Rate Disruption Event has the meaning given in clause 3.1.
Record Date means, for payment of a Distribution:
- (a) the date which is eight calendar days before the Distribution Payment Date for that Distribution (or, in the case of the first Distribution Payment Date, if the Issue Date is less than eight calendar days before the first Distribution Payment Date, the Issue Date); or
- (b) such other date as is determined by the Issuer in its absolute discretion, subject to compliance with any relevant requirements under the ASX Listing Rules and provided that such new date is communicated to ASX not less than seven Business Days before the specified Record Date,
or in either case such other date as may be required by ASX.
Redemption means the redemption of a Capital Note in accordance with clause 9 and the words Redeem, Redeemable and Redeemed have corresponding meanings.
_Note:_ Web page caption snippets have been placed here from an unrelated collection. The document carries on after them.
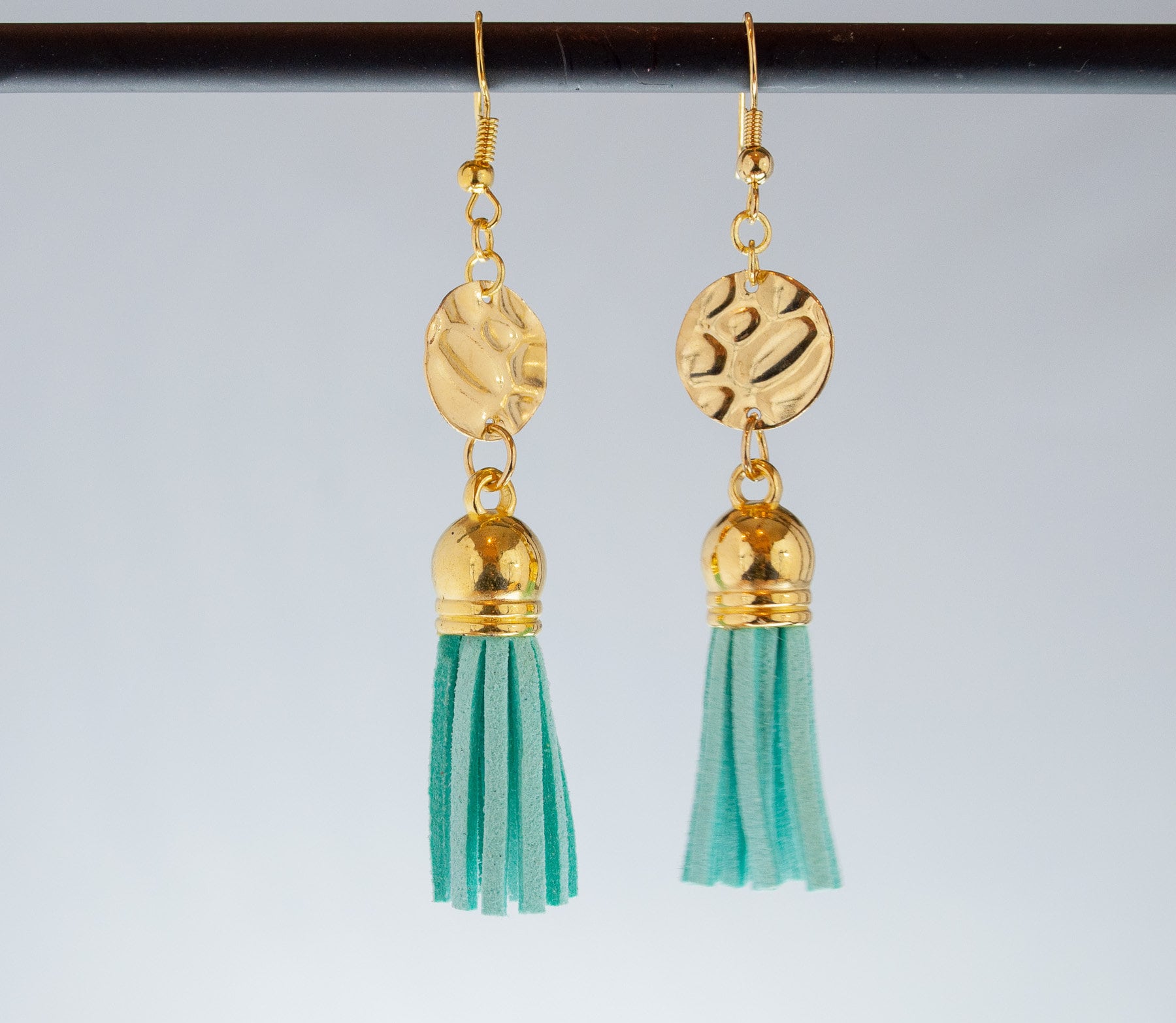 Mint Grün Und Gold Quaste Ohrringe von IvyTreeDesigns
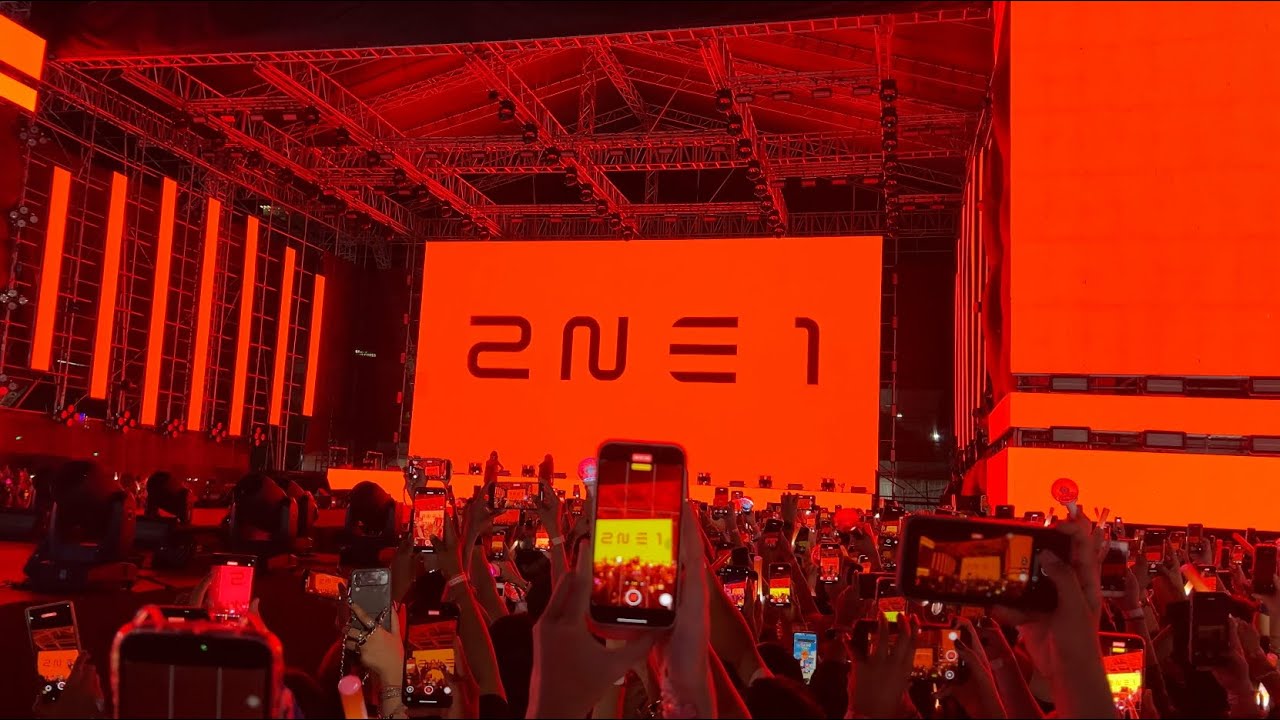 2ne1 in Cambodia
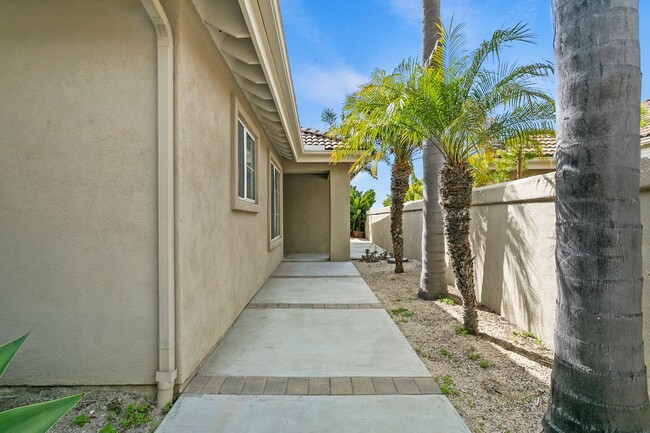 27519 Via Montoya in San Juan Capistrano, CA - Foto de edificio - Building Photo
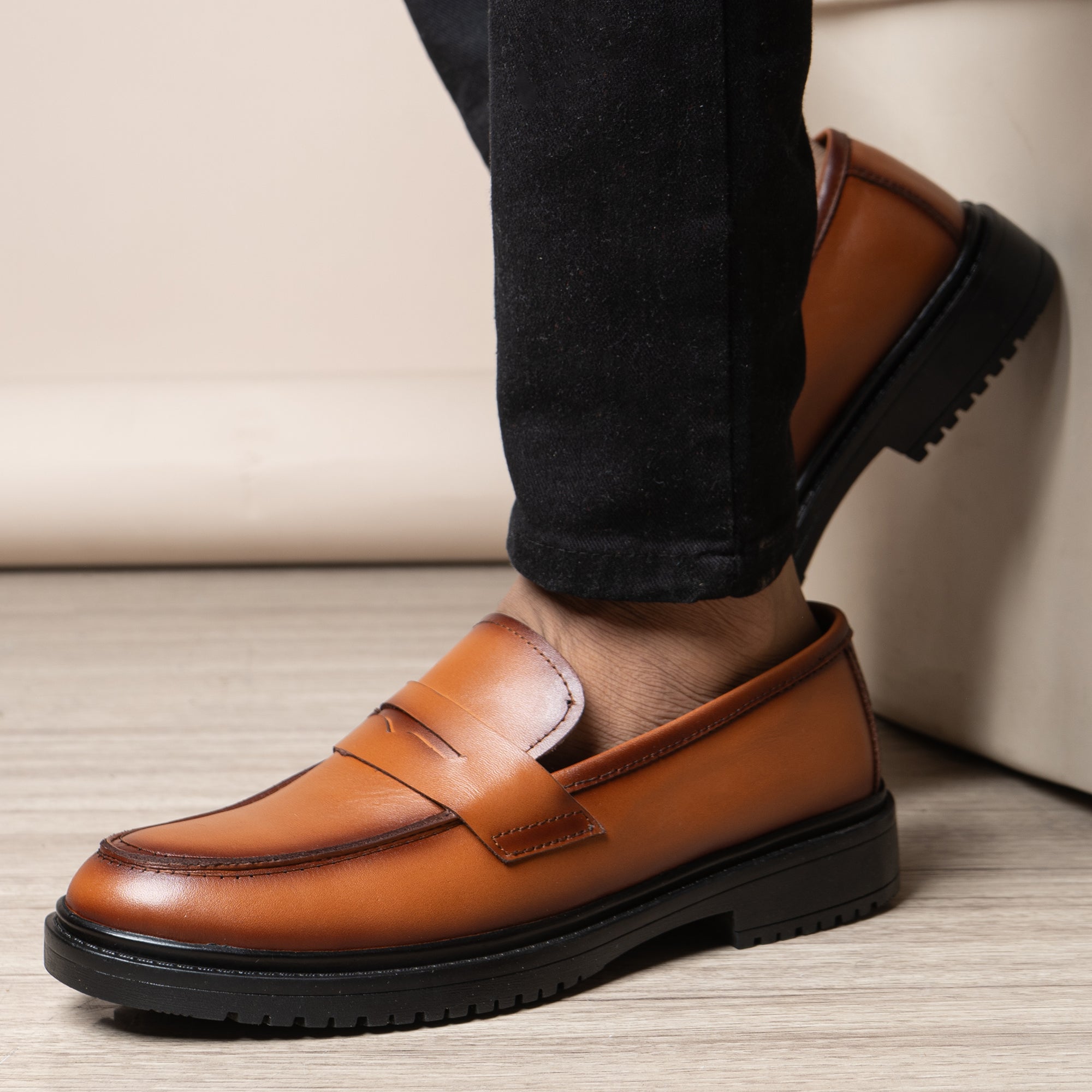 MEN’S GENUINE LEATHER SHOES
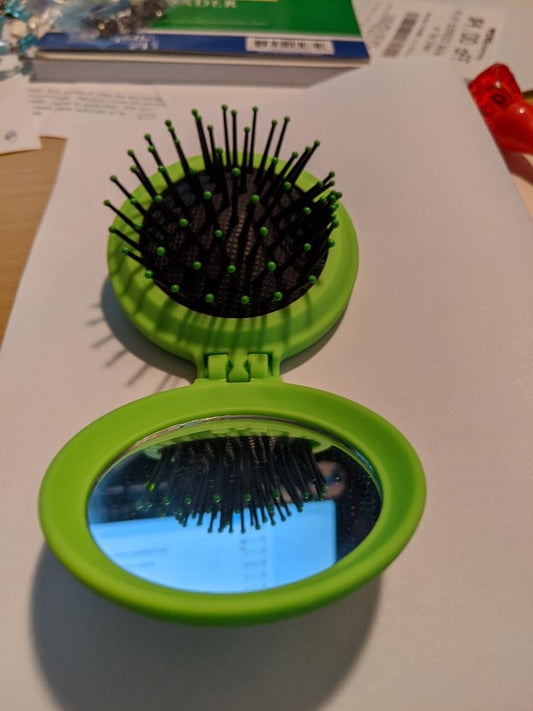 Compact Comb and Mirror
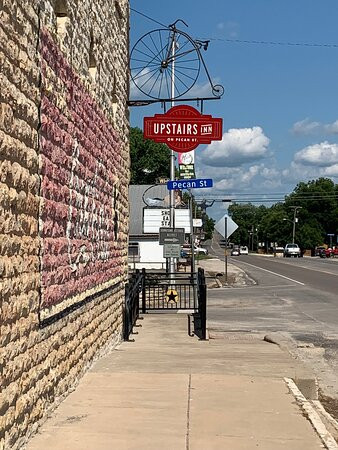 Hico Upstairs Inn主图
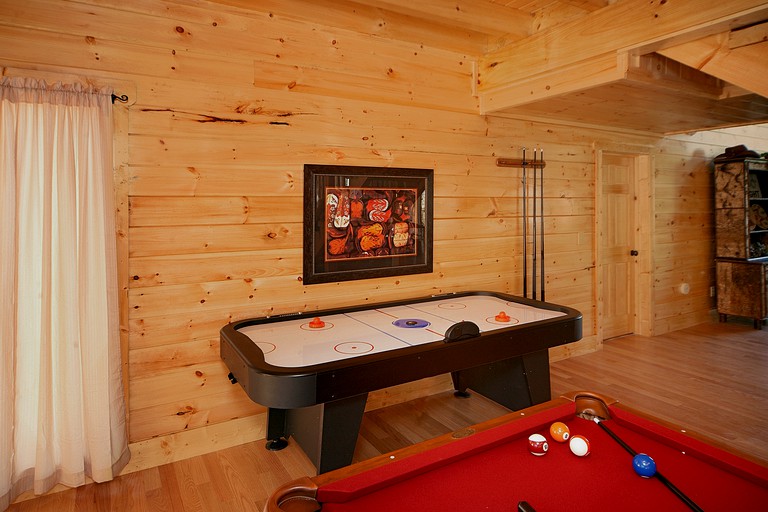 -- (United States, Gatlinburg, Tennessee)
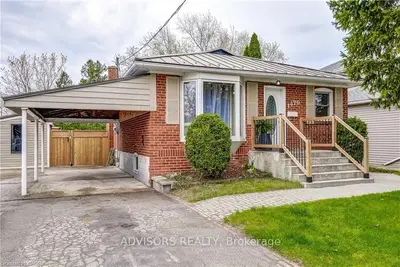 Detached in Burlington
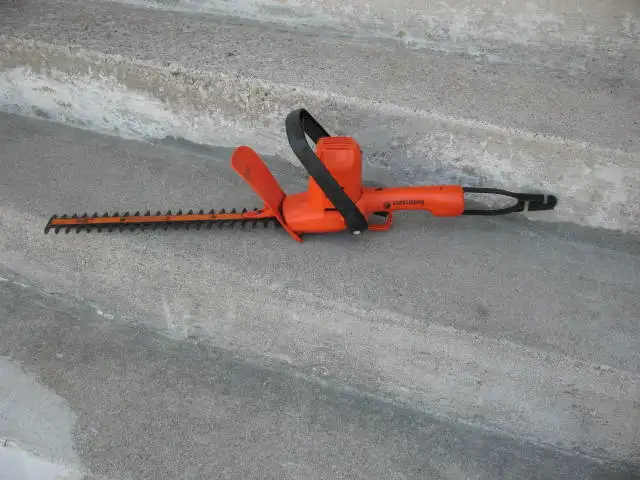 Black and Decker 16 Inch Corded Hedge Trimmer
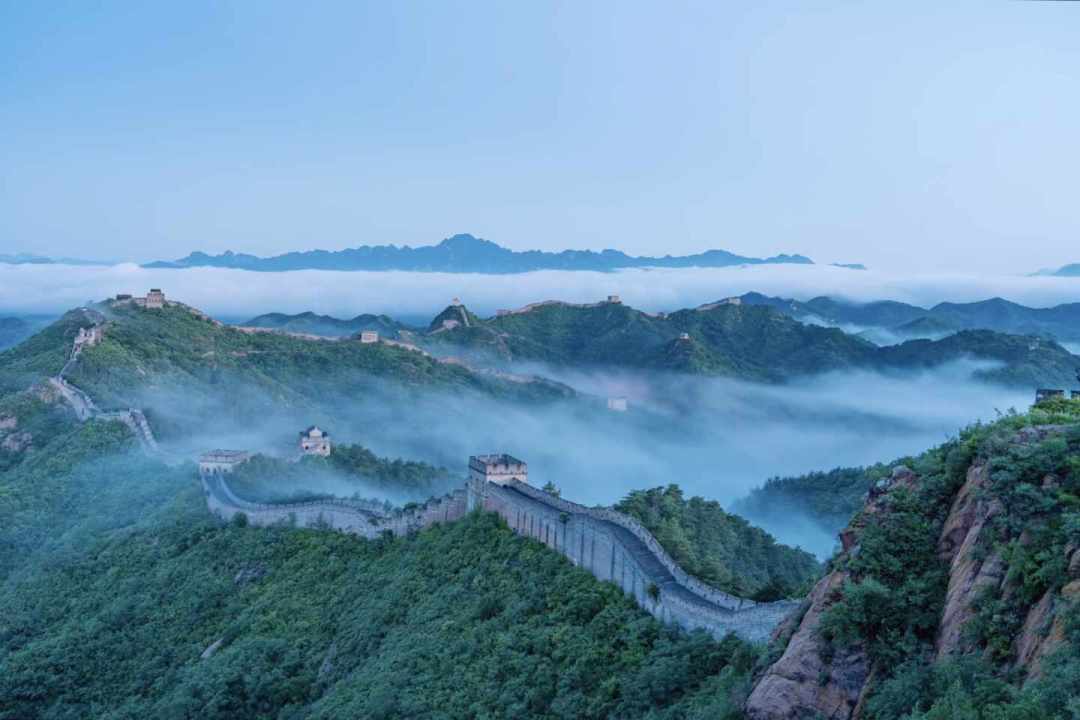金山岭长城雨后云海再现,8月已出现4次:追云海前,先搞懂看天、选机位、算时间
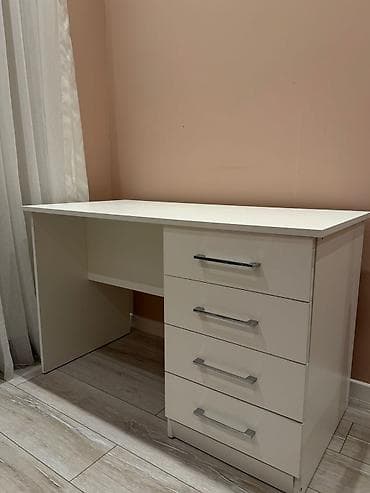 xuxna mebeli: AyselbanuMasa ideal veziyyetde satilir‼️ 70 azn Sumqayit7273 Aysel — 1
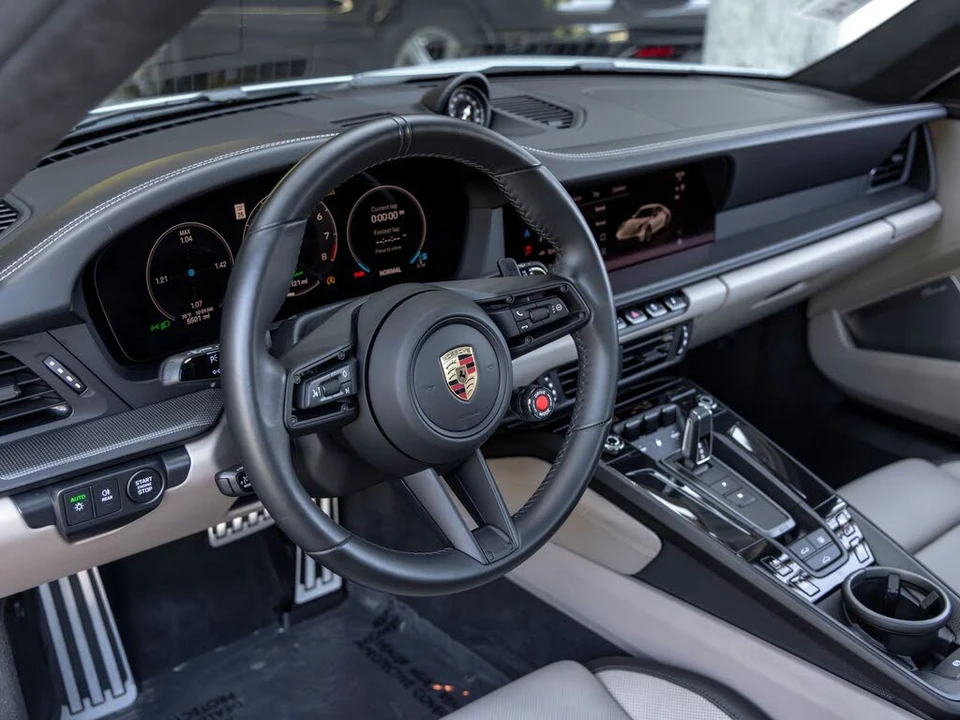2025 Porsche 992 Carrera GTS - Image 4 of 31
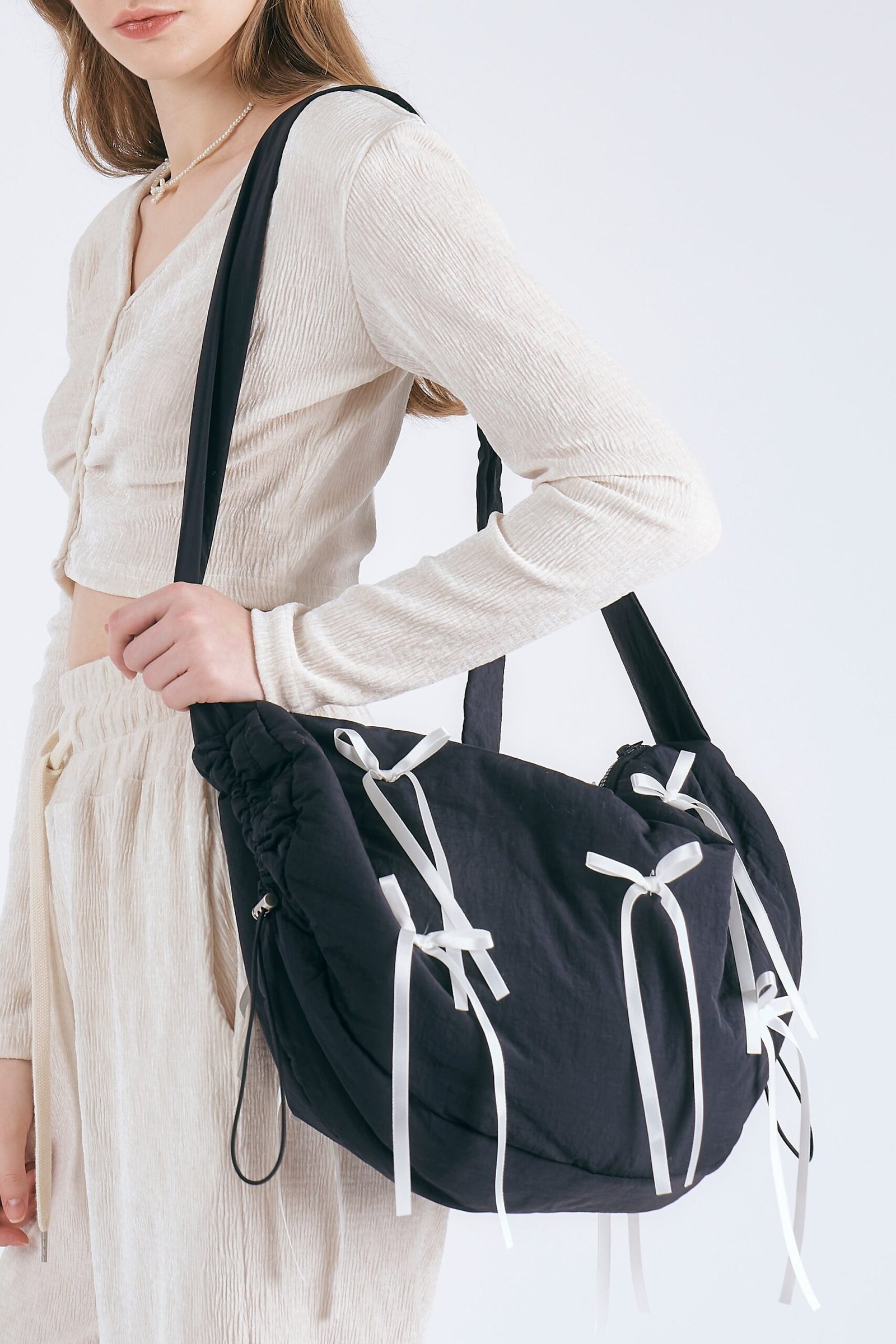 BaileyBowsNylonBag_02.jpg Bailey Bows Nylon Bag - Image 1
Redemption Price has the meaning given in clause 9.2.
Register means the register of Holders (established and maintained under clause 13 of the Trust Deed) and, where appropriate, the term Register includes:
- (a) a sub-register maintained by or for the Issuer under the Corporations Act, the ASX Listing Rules or the ASX Settlement Operating Rules; and
- (b) any branch register.
Registrar means Computershare Investor Services Pty Limited (ABN 48 078 279 277) or any other person appointed by the Issuer to maintain the Register and perform any payment and other duties as specified in that agreement.
Regulatory Event means:
(a) the receipt by the Directors of an opinion from a reputable legal counsel that, as a result of any amendment to, clarification of or change (including any announcement of a change that will be introduced) in any law or regulation or any official administrative pronouncement or action or judicial decision interpreting or applying such laws or regulations which amendment, clarification or change is effective, or pronouncement, action or decision is announced, on or after the Issue
Date (and which the Issuer does not expect, as at the Issue Date, may come into effect) (a Change in Law), additional requirements would be imposed on the Issuer in relation to or in connection with Capital Notes which the Directors determine, in their absolute discretion, would have a not insignificant adverse impact on it; or
(b) as a result of a Change in Law or a statement received from APRA, the Directors determine that the Issuer is not or will not be entitled to treat some or all Capital Notes as a Relevant Perpetual Subordinated Instrument, (including where APRA has notified the Issuer in writing that it objects to the Challenger Group using or having used the proceeds of the Capital Notes to fund Additional Tier 1 Capital of CLC) except where the reason the Issuer is not or will not be entitled to treat some or all Capital Notes as a Relevant Perpetual Subordinated Instrument is because of a prudential limit or other restriction which is in effect on the Issue Date or which on the Issue Date is expected by the Issuer may come into effect.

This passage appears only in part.